A distillation of the wandering, imprecise, fantasmatic, painful, even murderous relation to the past that is Nick Carraway's narration. These closing phrases describe the pulse of the mythology called Gatsby, condensing a brutal commentary on interwar America and social stratification.
It's also, as you know, a nautical metaphor-- and I speak to you today as a film professor who is also a very novice sailor-- that performs the work of Scott Fitzgerald's book. That is beading, sailing against the wind, tacking from one approach to another, or not directly but asymptotically toward a form of understanding, that is to sailors and readers, I'd hazard, infinitely more interesting, precise, challenging, and just plain thrilling than the relatively boring task of sailing down with the wind.
I think that most of these film adaptations sail down wind.

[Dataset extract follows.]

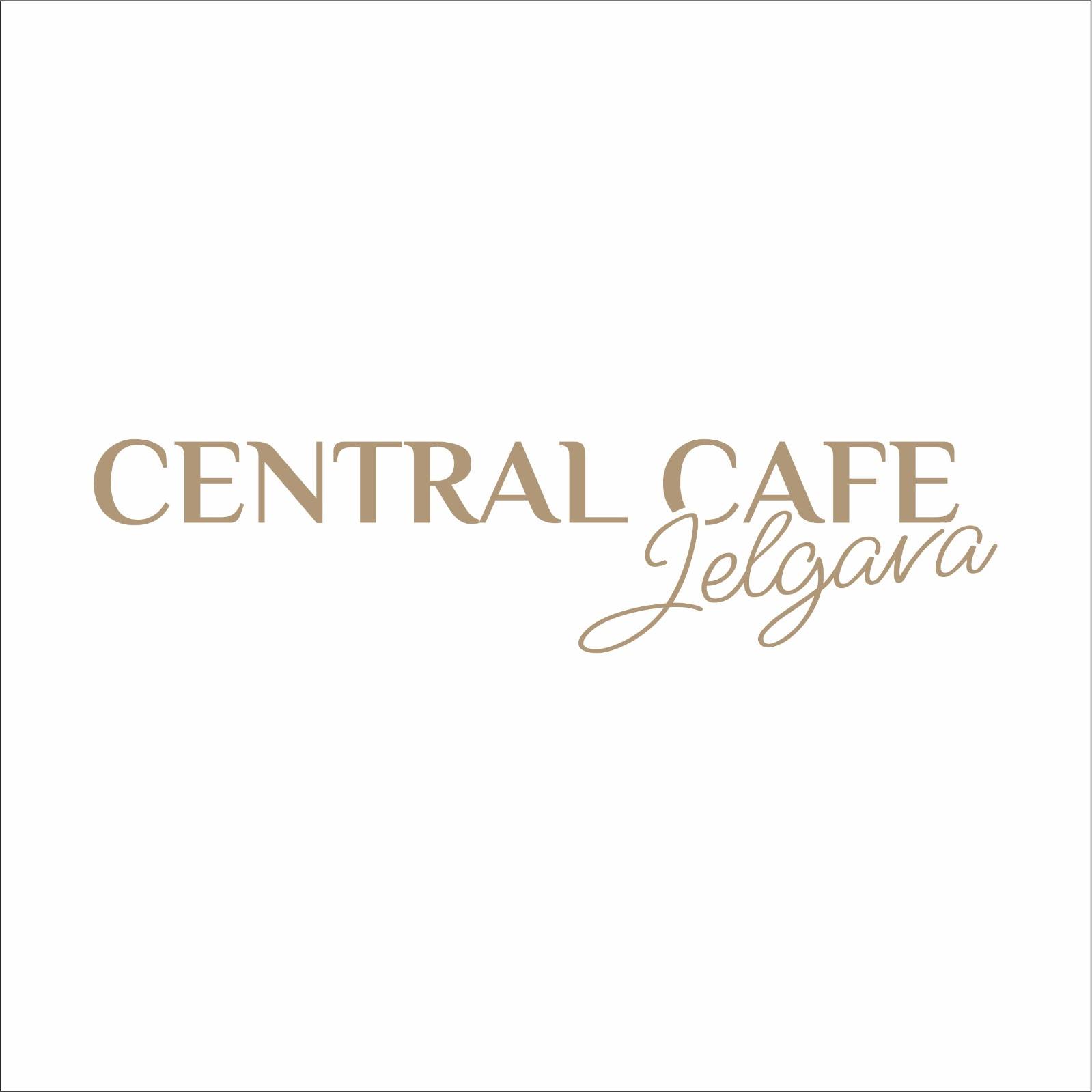 Soļanka un Vistas fileja Panko rīvmaizē at Central Cafe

But to know what it is to beat against the wind-- to belong, in other words, to the culture of sailing or yachting, when it's called, when the boats are big and expensive and mostly moored-- is historically and culturally to belong to the very world Fitzgerald circumscribes and subjects to critical and taxonomic scrutiny in The Great Gatsby.
Beating on, in other words, figures the world of privilege-- at once alluring and counterfeit-- at the heart of Fitzgerald's novel. As constant as the green buoy light at the head of Tom and Daisy's dock, as elusive as the promise of the sails hoisted in defiance of the sound's calm.
What the film versions of Gatsby teach us, in my view, has to do with how we navigate our own waters, their lures and their dangers, their spectacles and their deceits.
And in this world, it's through our collective readings that we belong. Thank you.
BIDDY MARTIN: Thank you, Amy.
Professor Douglas Mao taught at Princeton and Harvard before coming to Cornell to join the English department. He, too, is a fabulous teacher. At Princeton, he held a named preceptorship, the John E. Annan Bicentennial Preceptorship, and has been a great teacher at Cornell as well.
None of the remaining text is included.